Трудно представить себе лучшее время для выхода новой экранизации романа «О дивный новый мир». Антиутопию, написанную почти столетие назад, многие считают прямо на глазах исполняющимся пророчеством. Одурманивающие лекарства от душевных драм — есть. Сексуальная вседозволенность — есть. Невероятное обилие развлечений, ведущее к падению популярности классического искусства, — есть. Разрушение института брака — есть, раз уж даже в России его приходится охранять не просто законодательно, но и конституционально! Тотальная слежка и массовая цифровизация — а вы разве не слышали проповеди опального схиигумена Сергия? Есть и есть! Неудивительно, что такая пророческая книга рано или поздно должна получить актуализированную версию в виде сериала. Только вот при более тщательном анализе становится очевидно, что антиутопия Хаксли с нашей действительностью имеет лишь поверхностное сходство.
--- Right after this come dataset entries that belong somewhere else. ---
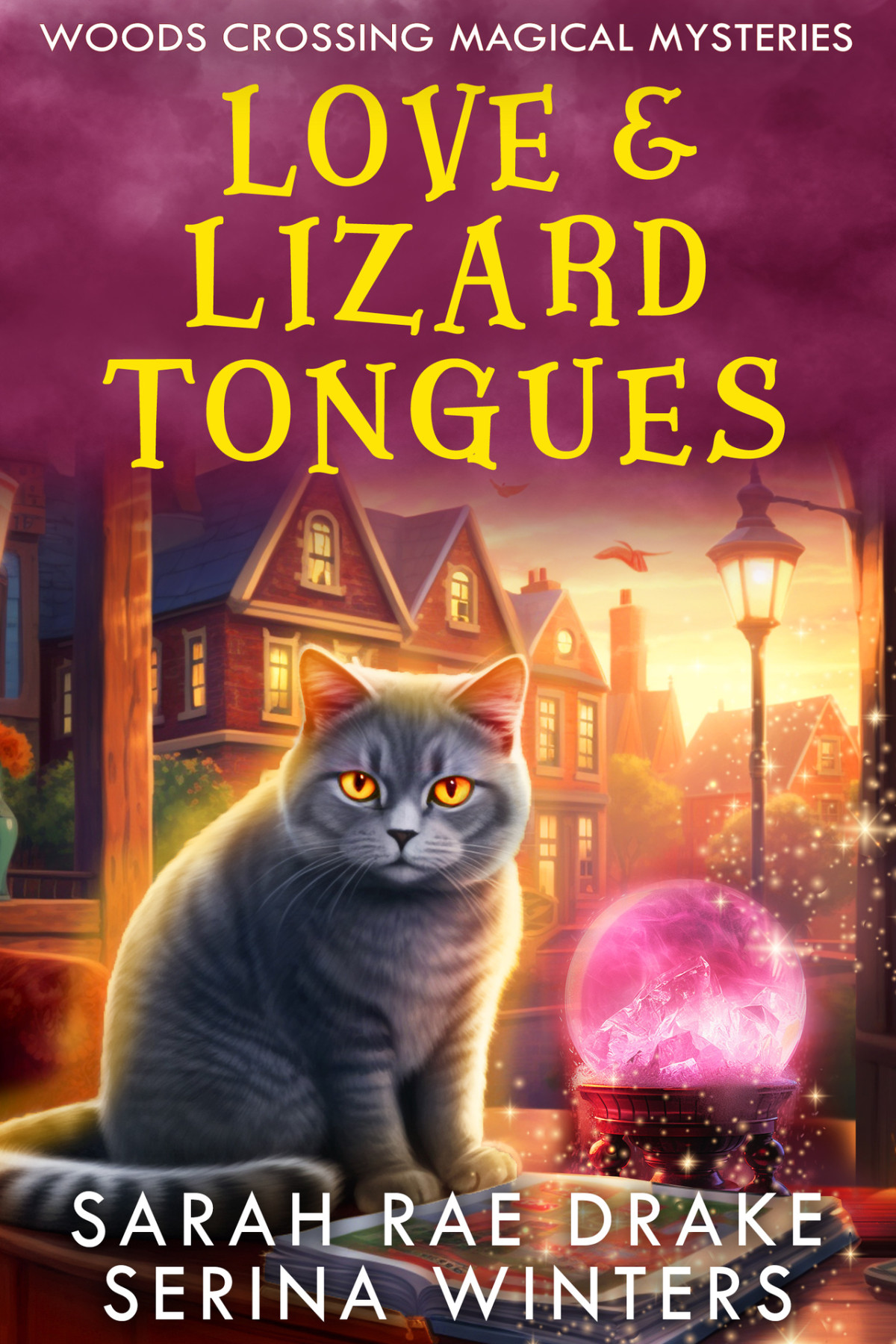 Love Lizard Tongues Woods Crossing Magical Mysteries Book 3 Sarah Rae Drake Serina Winters
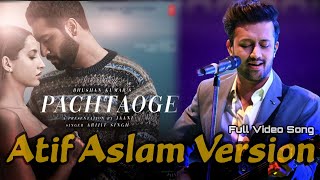 Pachtaoge | Atif Aslam Version | Arijit Singh | Full Video Song | HD | PM Music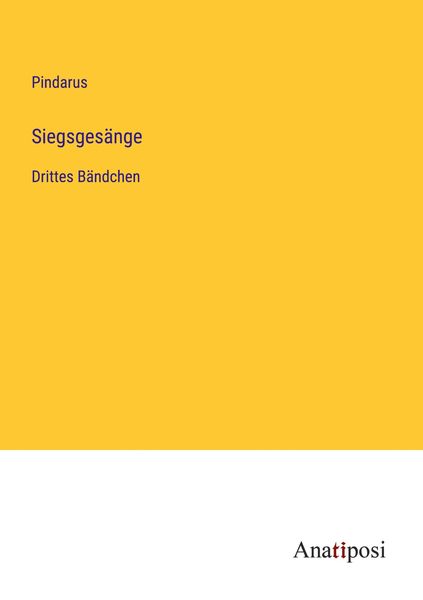 Siegsgesänge, Taschenbuch von Pindarus, Anatiposi Verlag, 9783382019709
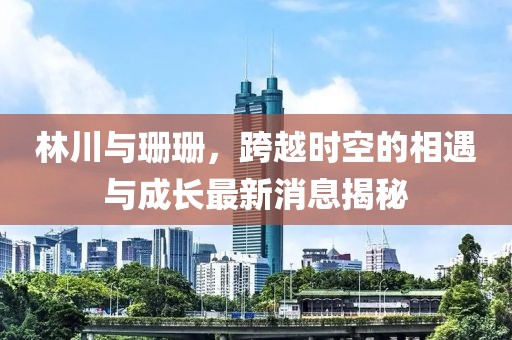 林川與珊珊，跨越時(shí)空的相遇與成長(zhǎng)最新消息揭秘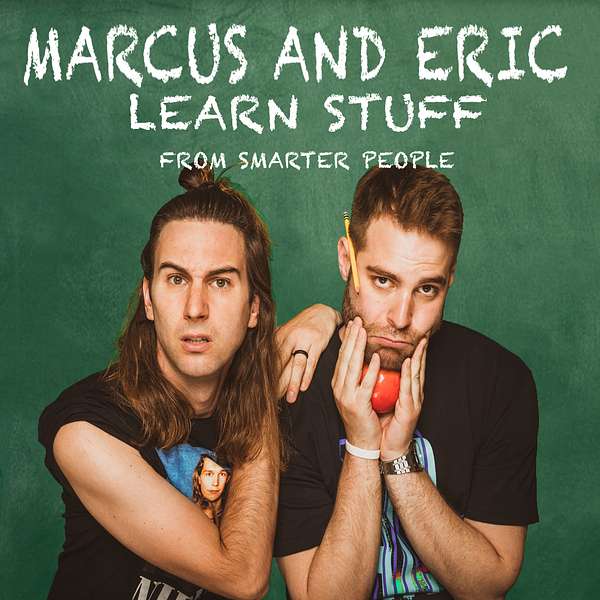 Marcus And Eric Learn Stuff From Smarter People Podcast Artwork Image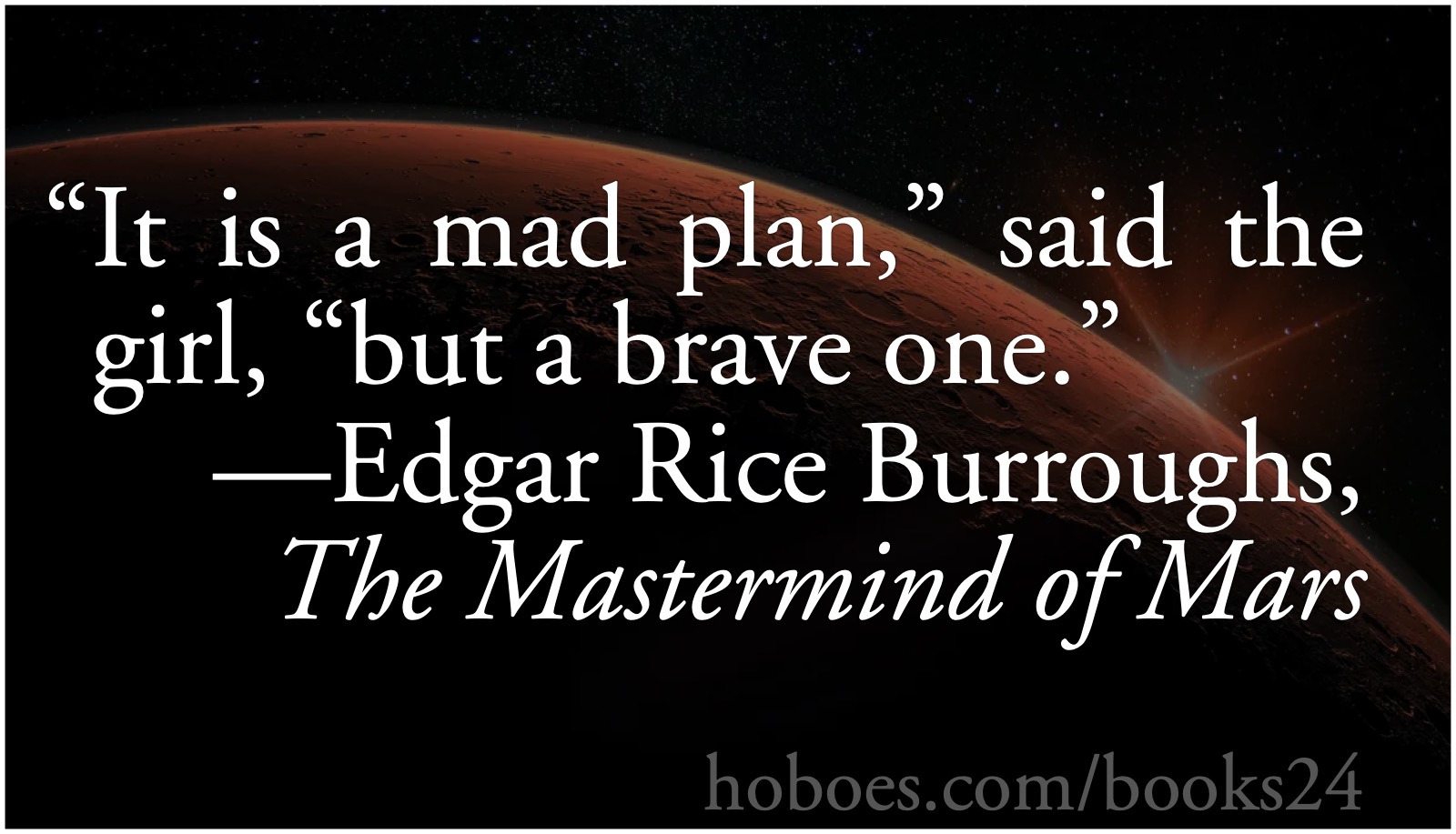 A mad plan: From Edgar Rice Burroughs’s Master Mind of Mars: “It is a mad plan,” said the girl, “but a brave one.”; Edgar Rice Burroughs; courage; bravery; planning; plans; Barsoom; John Carter of Mars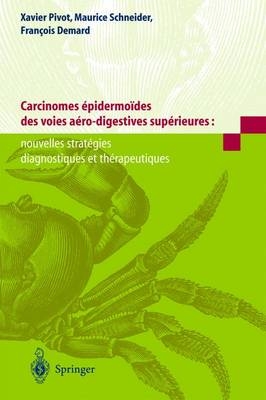 Carcinomes Pidermo Des Des Voies a Ro-Digestives Sup Rieures: Nouvelles Strat Gies Diagnostiques Et Th Rapeutiques - Xavier Pivot, Maurice Schneider, Francois Demard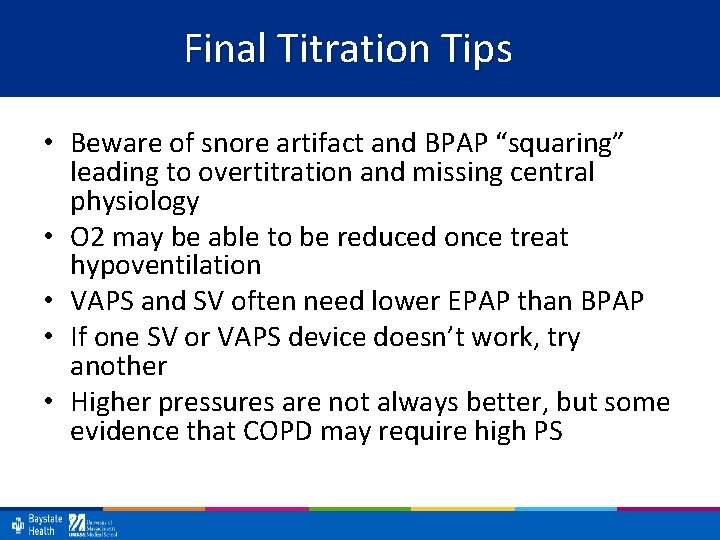 Final Titration Tips • Beware of snore artifact and BPAP “squaring” leading to overtitration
Понял это и шоураннер Дэвид Винер («Бойтесь ходячих мертвецов»), из-за чего сюжет его проекта порой не просто отступает от событий книги, но даже дерзко конфликтует с первоисточником — иначе сделать экранизацию хоть сколько-нибудь соответствующей нашему времени едва ли было возможно. Можно долго обвинять авторов в отхождении от канона, но достаточно вспомнить более приближенный к роману полнометражный телеремейк «Дивного нового мира» 1998 года — в современном контексте переложение антиутопии превратилось в тщеславную историю конфликта бравого свободного ковбоя с американского Юга с легкомысленными яппи-либералами, позабывшими в своих бетонных джунглях стыд, страх и гнев господень. Словом, это фильм, который религиозная бабушка из техасской деревни поставит приехавшим на летние каникулы городским внучатам «в назидание».
В общих чертах завязка сюжета нового сериала мало отличается от книги: действие разворачивается в футуристичном Новом Лондоне, жители которого выращиваются искусственно и еще до рождения делятся на касты. В этом обществе нет денег, запрещены браки и вообще моногамные отношения, осуждается уединение, все психологические проблемы решаются с помощью синтетического наркотика под названием сома, а получение удовольствия — не привилегия, а гражданская обязанность. Один из топ-менеджеров утопичного мира Бернард Маркс (Гарри Ллойд) отправляется вместе со своей подчиненной Лениной Краун (Джессика Браун-Финдли) в экскурсию в Дикие земли — парк аттракционов на территории бывших Соединенных Штатов, чтобы посмотреть на жалкое существование людей «вне системы». Из поездки, прошедшей не совсем по плану, они привозят Дикаря Джона (Олден Эренрайк), однако его присутствие в Новом Лондоне грозит счастливому обществу разрушением.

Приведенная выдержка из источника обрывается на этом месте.